Vanessa e como curtir bem um “rebound”

Tenho um telemóvel novo e algumas dificuldades em funcionar com ele. Nos últimos dias ligo a várias pessoas sem querer – e depois tenho que pedir desculpa e acusar o telemóvel. É um bocado ridículo porque ninguém hoje acredita que as máquinas tenham responsabilidade.

Ontem, por engano, liguei à Vanessa.

– Eh pá, desculpa, foi o telemóvel. Não queria, na realidade, falar contigo.

– Não querias? Não achas que dizer isso é um bocado malcriado?

– Não, é a verdade. Estou cheia de trabalho. É o Orçamento, a recandidatura de Passos Coelho, a minha vida está um caos.

– Dizes isso há muito tempo. Anda almoçar. Ao menos, almoças, certo? Ou não comes?

Fomos almoçar a um café ali perto da Lapa.

– Então, novidades?, perguntei eu.

– Estou em “rebound”.

– O quê?

– Não sabes o que quer dizer? Não acredito.

É verdade que eu não sabia o que queria dizer “rebound”. Fiquei mais descansada depois de ter perguntado a seis amigos – de idades entre os 30 e os 49 – e nenhum deles também sabia o que quer dizer “rebound”. Não estava sozinha na minha ignorância, que é sempre uma solidão desgraçada, a da ignorância.

– Então vou explicar-te o que é o “rebound”. Tu lembras-te que eu andava aí meio metida com um maluco, certo?

– E decidiste comprar um spray repelente de malucos?

Deveria existir um spray para afastar malucos como há para repelir mosquitos. Que nenhuma farmacêutica se empenhasse em trabalhar nesta área com o mesmo ardor com que produzem perfumes para atraír gente (onde se incluem os malucos, claro) era uma coisa incompreensível.

– Então explica lá isso do “rebound”?

– Bloqueei o maluco do facebook. Deixei de frequentar os mesmos restaurantes. Apaguei-o da minha vida, percebeste? O gajo é demente e de repente achei que eu também estava a ficar doida. A loucura pega-se.

– Acho que fizeste lindamente. Mas então o “rebound”?

– O “rebound” é aquilo com que uma pessoa se entretém depois de terminar com um maluco. E o meu “rebound” está a ser absolutamente espectacular.

Pronto, tanta conversa com o “rebound” e afinal era simples: o “rebound” era um novo gajo.

– E como é que ele é?

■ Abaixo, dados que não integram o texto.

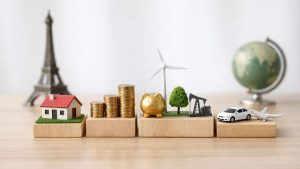 Portefeuille financier réparti entre actions, obligations et épargne pour diversifier vos investissements.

É giro?

– É alto, magro, lindo de morrer. O oposto do maluco. E novo. E inteligente. E com graça.

– Mais novo do que tu?

– Sim. Bastante.

– Parece que isso do “rebound” deve ser bom.

A Vanessa estava realmente esplendorosa. Se calhar o “rebound” fazia bem às pessoas.

– Não faz só bem às pessoas, disse a Vanessa. Também faz bem aos partidos. Por exemplo, o CDS também decidiu fazer um “rebound”. A Cristas é o “rebound” do CDS. Um novo ciclo é sempre um “rebound”.

– És capaz de ter razão, concordei.

Estava a pensar no Passos Coelho que tinha decidido que o PSD não precisava de um “rebound”. Ele seria o seu próprio “rebound”. O Passos velho daria lugar ao Passos novo, agora social-democrata sempre. Através de uma transmutação, Passos seria o “novo gajo” do seu partido, capaz de cortar com o passado e fazer o “rebound”.

– Achas que Passos pode ser o “rebound” de si mesmo?, perguntei à Vanessa.

O telemóvel dela tocou. Era eu, outra vez, a ligar para ela sem querer.